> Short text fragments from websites
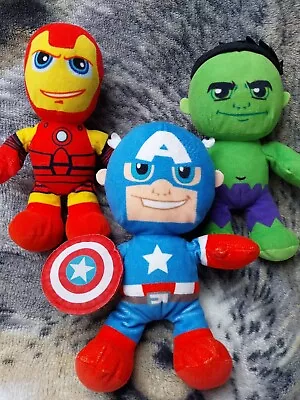 Marvel Avengers 9  Ironman The Hulk & Captain America Soft Toys • £11.95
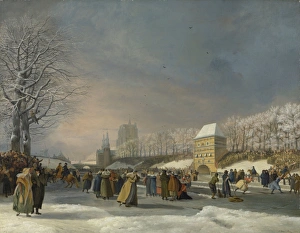Womenas Skating Competition on the Stadsgracht in Leeuwarden, 21 January 1809, The Womenas Skating Competition on the Stadsgracht in Leeuwarden, 21 January 1809, The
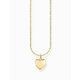 Thomas Sabo KE2234-413-39-L45V Gold-plated necklace w. heart pendant 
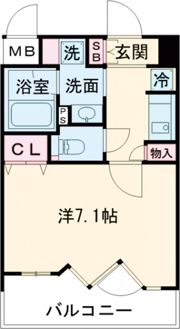 アーバンウェル茨木の間取り画像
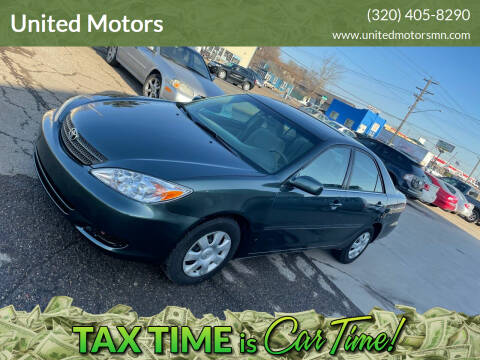2004 Toyota Camry for sale at United Motors in Saint Cloud MN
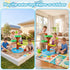 62cm Tree Water Table Kids Sandpit Toys Set with Shovels Molds for Sand Play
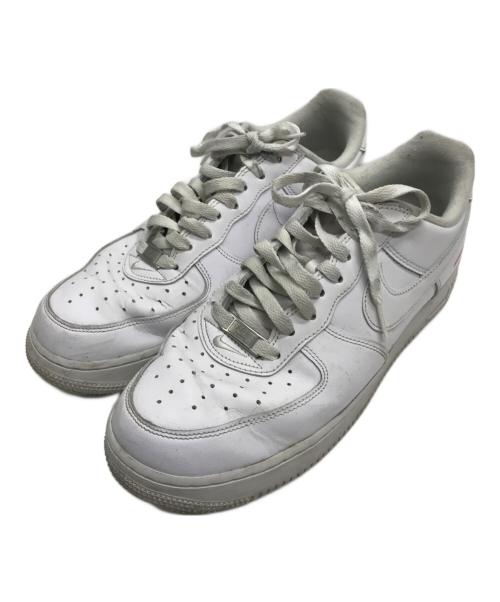 NIKE（ナイキ）NIKE (ナイキ) Supreme (シュプリーム) ローカットスニーカー ホワイト サイズ:27cmの古着・服飾アイテム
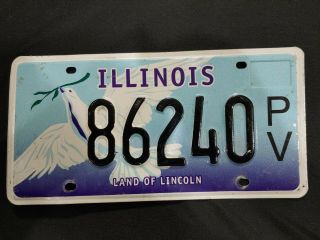 Illinois Prevent Violence License Plate - Dove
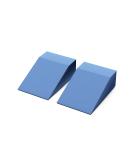 StrongTek Yoga Foam Wedge Blocks (Pair) - Blue EVA Riser for Supportive Foot and Wrist Exercise Accessories - Buy Online on SooperMarket.com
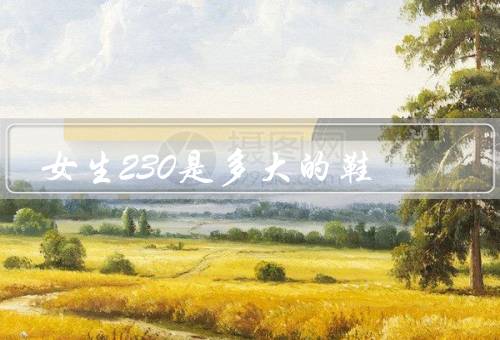 女生230是多大的鞋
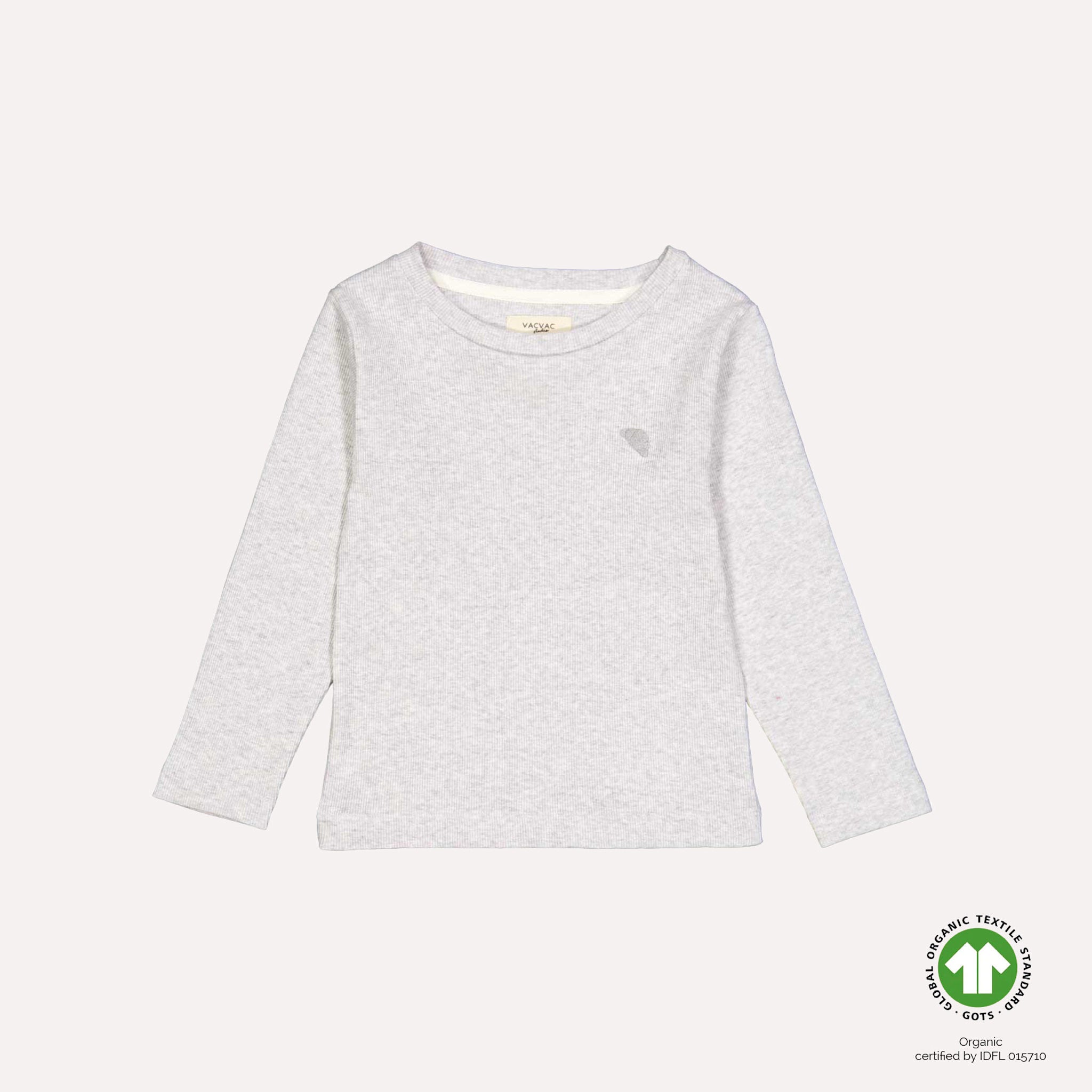 CARLET blouse LS - Light grey melange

> REQUIRED ACTION
For this task, give again exactly the lines from the line with "Illinois Prevent Violence" through the end of the entries, including both ends, and omit the pictures.

> OUTPUT OF THE EXERCISE
 Illinois Prevent Violence License Plate - Dove
 StrongTek Yoga Foam Wedge Blocks (Pair) - Blue EVA Riser for Supportive Foot and Wrist Exercise Accessories - Buy Online on SooperMarket.com
 女生230是多大的鞋
 CARLET blouse LS - Light grey melange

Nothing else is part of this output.